Apart from this quibble, the movie is well made though appearing quite stagey at times. In the beginning, we are introduced to the retired Prof. Uttam Chaudhary, whose forgetfulness is crossing the normal limits of an old man, and his three children. The movie employs quite a number of regular plot devices here - a daughter torn between her own good (professionally too) and her concern over her dad's mental state, her indifferent boyfriend and a failing love affair, a dude who has 'forgotten his roots' and is unable to connect to his father's concerns - but handles all of them with adeptness. The first half revolves around many incidents revealing the professor's increasing forgetfulness because of which the plot sometimes seems to meander pointlessly (like the sequence with a barber). It also revolves around Trisha (Urmila) and the diffculties she is going through to take care of her old father, and that's told in a compelling fashion. At the end of the first half, we get to the point of concern in Chaudhary's illness. He thinks he has murdered (accidentally) Mahatma Gandhi. From there, the movie proceeds towards how this man is cured from his illusions. In the final minutes, the professor's illness serves as metaphor to the illness of the contemporary "non-idealistic" generation and suggests that we, like the professor, are also ill and need a cure.
Anupam Kher pulls off a crackling performance as the ageing man whose mental balance is getting out of his control - especially in the scene when his daughter comes to his room and apologises to him (which he seems to be unaware of) for being cross with him, he is a class act. Urmila Matondkar gives a decent performance as the caring daughter. Rest of the cast did not have much to do.
Jahnu Barua has written and directed this venture. Overlooking Barua's accomplishments one can say he has done a commendable job. But I wish I could catch his Assamese films which, I presume, must have been much better than this effort.

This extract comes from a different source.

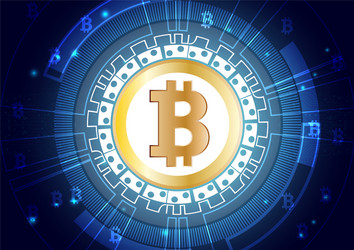 abstract background of bitcoin digital currency vector image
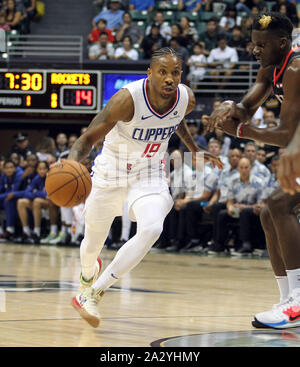 October 3, 2019 - Los Angeles Clippers guard Rodney McGruder #19 dribbles the ball during a preseason game between the Los Angeles Clippers and the Houston Rockets at the Stan Sheriff Center on the campus of the University of Hawaii at Manoa in Honolulu, HI - Michael Sullivan/CSM. Stock Photo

  1. Am one of the junta who got misled by the interesting title, thought it would be similar to Hey Ram. Should see this movie sometime soon, just not getting the enthu to see it.


  2. Narayanan,
    Welcome. It's an interesting movie. But, I would not place it up there as a very good one.

  3. hey,

    did you listen to RDB music. It is good. have written a revu on my blog.

  4. when it comes to the debate of whether films shall teach or preach:yeah they should not preach, but just teach.

  5. It was really good movie I like the acting of Anupan Kher. He is excellent actor thanks a lot for this nice information about "maine gandhi ko nahimara". This type of movie tells the people how Mahatma Gandhijis thoughts affects the people.

    I am very thanks to the both the author of this movie and also the director of this movie. Thanks a lot for nice blog one again.

    Smith ALan

  6. It also revolves around Trisha (Urmila) and the diffculties she is going through to take care of her old father, and that's told in a compelling fashion.